Протоколы получения хроматина из материала клеточной культуры хорошо зарекомендовали себя15 и обладают высокой воспроизводимостью, что позволяет пользователю получить хроматин, подходящий как для кПЦР, так и для NGS-подходов, за 1-2 рабочих дня. Тем не менее, получение высококачественного хроматина из целых тканей по-прежнему представляет собой проблему из-за необходимости диссоциации клеток внутри ткани при достижении оптимальной фиксации и сдвига хроматина. Кроме того, состав и морфология различных типов тканей варьируются, что требует корректировки существующих протоколов16,17. Использование криоконсервированной ткани создает дополнительные проблемы по сравнению со свежими образцами. Это связано с трудностью получения одноячеистой суспензии без обширных материальных потерь. Это приводит к неправильной резке, что затрудняет последующее применение. Тем не менее, доступ к замороженным образцам тканей, а не к свежим аналогам, не только повышает гибкость работы, но и может представлять собой единственный вариант для исследователей, работающих с образцами, полученными в результате продольных или сравнительных исследований. Было опубликовано несколько протоколов приготовления хроматина для замороженных тканей. Они в основном основаны на размораживании образца с последующим измельчением, ручной/машинной диссоциацией или измельчением жидким азотом на этапах18,19,20.
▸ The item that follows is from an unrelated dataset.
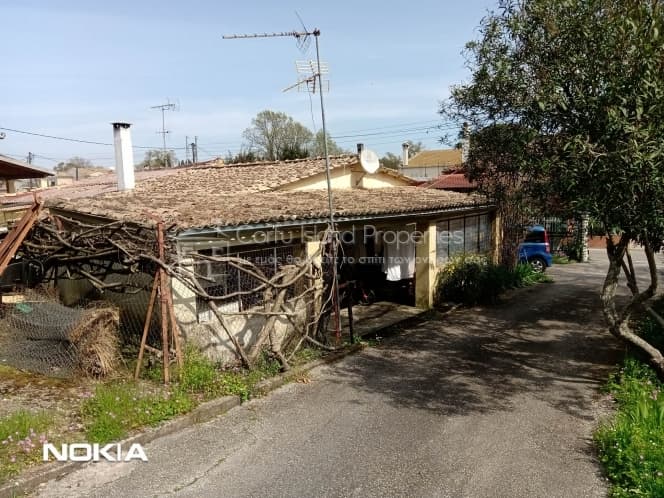 House in Pareli, Corfu — Photo 1 of 10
Здесь мы описываем оптимизированный методполучения хроматина 15 для замороженных нефиксированных образцов печени, который сочетает измельчение ткани в жидком азоте с гомогенизацией пестика для достижения воспроизводимого сдвига хроматина, подходящего для подходов X-ChIP, направленных на анализ как вирусных, так и хост-геномов.
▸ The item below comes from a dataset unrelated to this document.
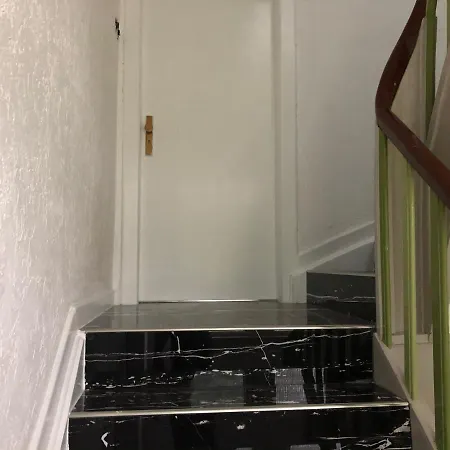 בית אירוח M/p *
Получение хроматина из замороженной ткани остается проблемой из-за количества этапов, которые необходимо оптимизировать для достижения воспроизводимых и надежных результатов. Большинство уже опубликованных протоколов16,23 требуют измельчения тканей перед ручной диссоциацией (дунтингом). Мы старались максимально избегать шагов, которые могли бы спровоцировать деградацию белка до фиксации образца. Стадия измельчения уже используется в замороженных препаратахпечени 24 и делает ручную диссоциацию более легкой и воспроизводимой (см. рис. 2а). При использовании раствора, специально разработанного для пробирок объемом 1,5 мл (см. Протоколы), потеря образца в процессе измельчения уменьшается, что позволяет обрабатывать небольшие количества ткани, такие как образцы биопсии печени. В принципе, можно использовать прямую гомогенизацию тканей без каких-либо этапов измельчения; Однако, по нашему опыту, гомогенизация тканей без предварительного измельчения имеет худшую воспроизводимость, и появление проблем для последующих применений было выше (данные не показаны).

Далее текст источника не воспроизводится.